Only Gov. Ron DeSantis, who signed the death warrant, knows why he didn’t select one of the 120 other inmates who have been there longer, or why he doesn’t answer the many religious leaders who regularly plead with him to shut down what is suddenly the nation’s most active death factory.
The Florida Conference of Catholic Bishops asked DeSantis, a Catholic, for a pause and a dialogue toward “a better way to achieve the ends of justice.” “We do have the ability to protect society without killing human beings,” the bishops said.
He has not replied.
At this pace of two executions a month, DeSantis would finish his two terms having carried out 48, the most by any Florida governor since records were kept. If he’s doing it to run for president again, which he hasn’t bothered to deny, it would be revolting.
No sympathy for a killer
This is not to suggest sympathy for Zakrzewski.
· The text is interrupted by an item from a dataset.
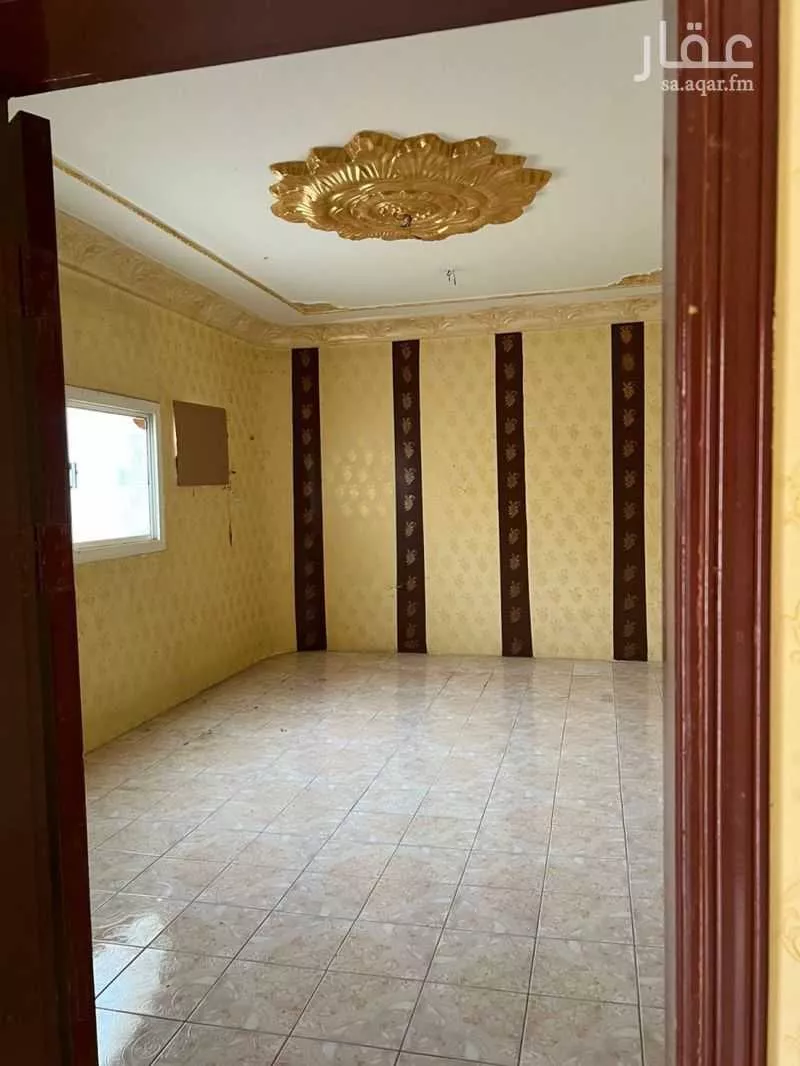 1209 sqm building in Al Awali 14
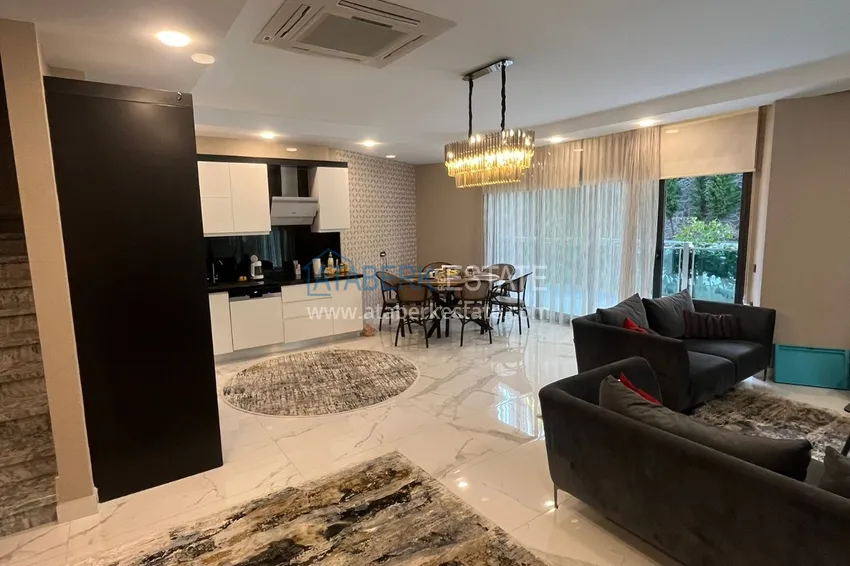 Purchase 3+1 garden duplex in a complex on the beachfront, Kargicak — Alanya 1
He killed his entire family. His crimes were especially horrible. He pleaded guilty to slaughtering his wife Sylvia and their two children in the Panhandle town of Mary Esther in 1994. Court records show that he meant to stop her from divorcing him and taking their two young children to her native Korea.
An Air Force sergeant from Kalamazoo, Mich., Zakrzewski murdered his wife with a crowbar and a machete that he bought that day and then hacked Edward, 7, and Anna, 5, to death, one after the other, after calling them to the bathroom to brush their teeth.
But another macabre aspect to this case is the state’s doing.
Zakrzewski will be at least the 46th inmate Florida has put to death whose jury did not vote unanimously for the death penalty. That practice is allowed in only one other state — Alabama. He would be the first since 1996 for whom so few jurors — seven of twelve — favored execution.
After a jury in Okaloosa County voted 7-5 for two of the deaths and deadlocked 6-6 for Anna’s, the judge decreed death for all three. Even three decades ago, in one of the most conservative counties in Florida, a significant number of jurors did not favor his execution.
Strikingly, Florida law now excludes the death penalty unless at least eight jurors recommend it. Alabama requires at least 10 of 12.
Non-unanimous juries
The Florida Supreme Court, which rejected Zakrzewski’s final appeal, contorts itself to avoid giving prisoners a retroactive break. Divided recommendations were legal in 1996 when he was sentenced. Judges could impose death sentences even when jurors did not vote for them.
In 2016, the U.S. Supreme Court ruled that Florida’s law was unconstitutional for not requiring a unanimous jury vote to find any of the specified aggravating circumstances that justify a death sentence rather than life in prison without parole.
But justices left it to Florida’s Supreme Court to decide whether to make that retroactive to anyone but the prisoner who was appealing, Timothy Lee Hurst, and if so, how far back. It did not require a unanimous vote on the sentence itself.
The Florida court contrived a weird and arbitrary compromise, granting new sentencing hearings only to death row prisoners whose sentences were considered final after 2002, when the U.S. court issued a decision that was a precursor to Hurst’s. More than 100 qualified, but more did not.
Zakrzewski’s sentence became final in 1999, when the U.S. Supreme Court refused to review it.
Eight of 12 in Florida
In 2017, the Florida Supreme Court said any new death sentence would require a unanimous recommendation, but it reversed itself after DeSantis replaced three retiring justices.
In 2023, the Legislature and DeSantis took the court’s hint and provided for as few as eight of 12 jurors to recommend death, the nation’s lowest death penalty jury threshold. That followed the 9-3 split that spared the confessed killer of 17 students and staff at Marjory Stoneman Douglas High School in Parkland.
The strongest argument in Zakrzewski’s final appeal was the contrast between his jury’s votes and present law, but the court dismissed it as “untimely, procedurally barred and meritless.”
Florida kills indiscriminately, unable to distinguish between someone like Zakrzewski and Michael Bell, the last person executed, who received no consideration despite having been brutalized as a teen at Florida’s notorious Dozier School for Boys.
We hold to our view that the death penalty ought to be repealed because it is arbitrary in its application, far costlier to taxpayers than life without parole, and can put innocent people to death with no way to atone for such a ghastly miscarriage of justice.
Thirty people on death row in Florida have been exonerated, far more than any other state. There can be no confidence that innocent people have not been executed. Retired Justice Gerald Kogan, who died in 2021, said he believed there had been three.
Not even its advocates still claim that it’s a deterrent. Florida had already put 33 people to death when Zakrzewski killed his family.